Nobody told Austria this was the group of death – they’ve reshaped the map of Euro 2024
If this was supposed to be the group of death, no one told Austria. Ralf Rangnick’s endearing underdogs have reshaped the draw, and perhaps the destiny, of Euro 2024 by topping it. They beat Netherlands. More than that, though, they blitzed them; fearless and ferocious, Austria recovered from conceding two equalisers to condemn the Dutch to defeat courtesy of Marcel Sabitzer’s terrific finish.
They head to Leipzig as group winners. Netherlands, their qualification already assured, nonetheless stumbled from first to third on an eventful afternoon. It is Gelsenkirchen for them.
If Rangnick’s men still needed France to slip up to leapfrog them, and they did, theirs is a historic feat. Not since the 1978 World Cup, when Hans Krankl’s goals ensured they finished above Brazil, have Austria won a group in tournament football.
Now players such as the superb Sabitzer and the unheralded Romano Schmid have a similar feat to their name. Rangnick has another triumph for his blueprint: all-action football has been allied with the ability to respond to setbacks.
Austria were pegged back by Poland having led and recovered to beat them. Every time the Netherlands scored, they summoned a response.
It was Rangnick’s beloved 4-2-2-2 against the typically Dutch 4-3-3. The gegenpressing school of thought prevailed. Austria knocked the Dutch out of their rhythm. Amid the mayhem their frantic football engendered, they prospered. Yet if the equation before kick-off was that all Austria required to advance was to avoid a heavy defeat, that was scarcely their intent. Perhaps Rangnick looked to be lulling Netherlands into a false sense of security, benching Christoph Baumgartner, Konrad Laimer, Philipp Mwene and Kevin Danso, each a booking away from a ban. But Baumgartner, the catalyst for the win over Poland, came on and supplied the slide-rule pass for Sabitzer to lift a shot over Bart Verbruggen. He was not finished there: Baumgartner had a goal chalked off himself.
Once again, Rangnick made telling changes and, for the second successive game, Austria scored three goals, had another disallowed and displayed a capacity to wreak havoc.
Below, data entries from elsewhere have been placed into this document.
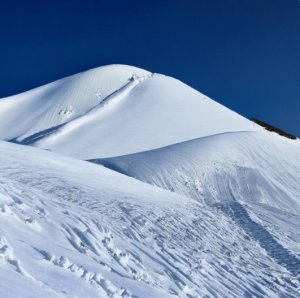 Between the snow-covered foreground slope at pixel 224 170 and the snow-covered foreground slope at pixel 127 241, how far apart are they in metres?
1.92

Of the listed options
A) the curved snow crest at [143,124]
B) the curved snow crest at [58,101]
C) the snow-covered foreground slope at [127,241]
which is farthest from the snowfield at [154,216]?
the curved snow crest at [58,101]

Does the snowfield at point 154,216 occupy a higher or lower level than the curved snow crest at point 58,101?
lower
When some more star-studded teams are struggling to score, they are allying energy with their brand of creativity.
For Netherlands, however, it was a demoralising, perhaps damaging afternoon. Few have such a gifted group of defenders but there are questions if Ronald Koeman is selecting the optimum combination. They were opened up too often and could have conceded more; in part, that reflected the problems in midfield. An indication of them came when Joey Veerman was substituted before half time, with Xavi Simons, who had been demoted, then introduced.
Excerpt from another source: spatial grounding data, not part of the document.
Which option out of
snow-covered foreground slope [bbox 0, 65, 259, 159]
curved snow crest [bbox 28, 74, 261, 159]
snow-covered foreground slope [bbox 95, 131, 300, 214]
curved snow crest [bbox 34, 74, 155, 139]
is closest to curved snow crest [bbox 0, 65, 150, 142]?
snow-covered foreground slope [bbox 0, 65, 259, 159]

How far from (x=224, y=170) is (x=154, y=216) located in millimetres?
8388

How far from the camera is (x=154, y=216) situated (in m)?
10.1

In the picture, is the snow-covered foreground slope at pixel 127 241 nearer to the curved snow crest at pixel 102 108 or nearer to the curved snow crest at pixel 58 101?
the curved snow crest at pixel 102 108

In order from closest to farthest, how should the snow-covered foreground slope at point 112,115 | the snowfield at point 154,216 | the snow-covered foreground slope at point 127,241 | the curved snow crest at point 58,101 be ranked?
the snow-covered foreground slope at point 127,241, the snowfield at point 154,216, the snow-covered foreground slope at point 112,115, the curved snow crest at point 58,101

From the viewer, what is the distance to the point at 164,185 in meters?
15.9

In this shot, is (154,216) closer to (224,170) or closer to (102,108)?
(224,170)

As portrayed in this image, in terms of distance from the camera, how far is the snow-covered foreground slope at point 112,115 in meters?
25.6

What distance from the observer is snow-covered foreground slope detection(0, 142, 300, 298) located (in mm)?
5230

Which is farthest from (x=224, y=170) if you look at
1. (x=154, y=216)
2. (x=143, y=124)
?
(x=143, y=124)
Yet it has been a tournament of own goals; Austria’s lone defeat came when Max Wober inadvertently scored for France. This time, they were the beneficiaries. With Mwene among the booked contingent, Rangnick had brought Alexander Prass into the starting 11 after his influential cameo against Poland. The left-back looked a still more impactful starter. Three times in the first eight minutes, he was in space to cross. The third brought an unstoppable finish.
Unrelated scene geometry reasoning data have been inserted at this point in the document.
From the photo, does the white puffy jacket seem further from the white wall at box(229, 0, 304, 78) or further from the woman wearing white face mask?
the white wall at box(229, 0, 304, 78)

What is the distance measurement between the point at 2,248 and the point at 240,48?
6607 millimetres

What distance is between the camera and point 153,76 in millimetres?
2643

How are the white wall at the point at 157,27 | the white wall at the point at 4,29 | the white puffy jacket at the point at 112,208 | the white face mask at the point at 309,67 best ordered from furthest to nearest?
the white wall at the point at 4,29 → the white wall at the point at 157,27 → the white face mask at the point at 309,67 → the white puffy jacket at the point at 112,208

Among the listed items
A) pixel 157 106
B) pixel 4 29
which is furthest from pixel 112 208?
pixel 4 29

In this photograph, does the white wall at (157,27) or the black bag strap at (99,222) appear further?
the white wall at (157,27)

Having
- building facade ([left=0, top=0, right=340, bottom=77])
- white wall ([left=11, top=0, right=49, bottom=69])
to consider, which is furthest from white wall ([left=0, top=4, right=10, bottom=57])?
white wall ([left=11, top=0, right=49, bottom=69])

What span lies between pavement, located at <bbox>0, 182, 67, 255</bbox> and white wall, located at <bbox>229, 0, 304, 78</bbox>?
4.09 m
Donyell Malen was brought in to the Dutch side to find the net and he did: sadly for him, it was his own, sliding in to connect with force and send his attempted clearance flying past Verbruggen. Malen’s ill-fated afternoon continued when he scuffed a shot after being released by Tijani Reijnders and ended when he was replaced by Wout Weghorst. Right wing feels a problem position for Koeman; Weghorst, at least, has sewn up the role of super sub.
He supplied the flick-on when Memphis Depay scored the second equaliser – it was initially and wrongly disallowed for handball, but corrected after the intervention of VAR – and he came close to making it 3-3 with a diving header.
Netherlands’ first goal came 75 seconds into the second half. Lutsharel Geertruida won the ball in his own half and ran 40 yards unchallenged. He fed Cody Gakpo who cut in and then curled in his shot. It was a fifth goal in six group-stage games, spread across the 2022 World Cup and Euro 2024, for Gakpo.
Ten minutes later, however, they were back ahead. Schmid met Florian Grillitsch’s cross with a diving header; with the Dutch defence dragged across, Schmid had only to escape from Gakpo to meet it. The response came still quicker after Depay scored for the Dutch with 15 minutes to play. Five minutes after, the excellent Sabitzer, who had almost struck earlier, did.
For the Dutch, a first group-stage defeat in tournament football since 2012. For the Austrians, a route they had probably not envisaged. They can look down the table and see a team who have been in the last two World Cup finals beneath them. And for Austria, who have spent much of the last quarter of a century in the footballing wilderness, that is a stunning turnaround.